Quem corre cansa, mas quem caminha alcança. O conhecimento das coisas é a gente que faz. Andar é necessário, e andando é que se faz conhecer.
Na tradição dos antigos as mulheres costumavam ficar em casa, cuidando da família, enquanto o homem sempre saía em busca de recurso. Histórias são muitas de pessoas que deixam o lar para voltarem somente dali a alguns meses, ou até semestres. Esperavam o marido, o filho ou o pai, que por fim, auxiliado pela bondade dos homens e de tantos pelo caminho, sempre retornam são e salvos. O peregrino ao seu lar retorna.
Ainda hoje, agora com mais estradas e cada vez mais pessoas com carros nas comunidades, todos os kalungas podem sair para trabalhar em cidades e até mesmo na capital. Mulheres e homens, filhos e filhas são sempre criados na arte sazonal de saírem e voltarem de suas casas periodicamente, por longas investidas, para buscar trabalho fora.
E se por um lado cultura das andanças trouxe histórias duras, por outro, ela deu ao nosso povo a sabedoria dos silêncios, a generosidade dos forasteiros e a capacidade inabalável de confiar que devagar-e-sempre é possível ir a qualquer lugar. Em um mundo de viajantes todos somos também anfitriões, pois este que hoje viaja e recebe um abrigo de um estranho também amanhã pode se tornar abrigador e receber o forasteiro, que pela sua porta passa.
É quase impossível, que qualquer um passando pela porta de uma casa cutiense não receba antes oferta de almoço, água, pouso e ou companhia. E em todo o mundo nada pode ser mais divino que isso.
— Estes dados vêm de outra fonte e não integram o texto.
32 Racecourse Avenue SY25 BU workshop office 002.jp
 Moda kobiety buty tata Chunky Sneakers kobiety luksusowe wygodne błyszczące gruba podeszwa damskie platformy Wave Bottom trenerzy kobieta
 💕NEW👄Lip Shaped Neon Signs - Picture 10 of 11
Conhecendo trilhas e conexões capazes de ligar serras e vales inimagináveis.

A NOTÍCIA
Quem passa vindo de longe traz notícias de onde vem e leva notícias para onde vai. Anunciando o nascimento deste, a morte daquele, narrando as histórias, trazendo notícias de quem anda sumido e levando o recado para quem sempre espera.
A notícia é como a poesia, a fofoca-informação é mecanismo de sobrevivência. É através das notícias que a gente sabe quando alguém vai partir, quando outro vai chegar, quando alguém vai parir ou que alguém amanhã vai para a cidade e pode levar esta ou aquela encomenda. Assim nasce o grupo o qual os cutienses alimentaram durante o tempo com notícias de lá e de cá.
Em um mundo frenético como o das grandes cidades, a Cutia é paz e encontro para o seus. E junto com ela uma imensa sabedoria a respeito das “jornadas” e do “silêncio”.
Fiando vagarosamente nas teias das notícias a conexão das estações e dos segredos do tempo.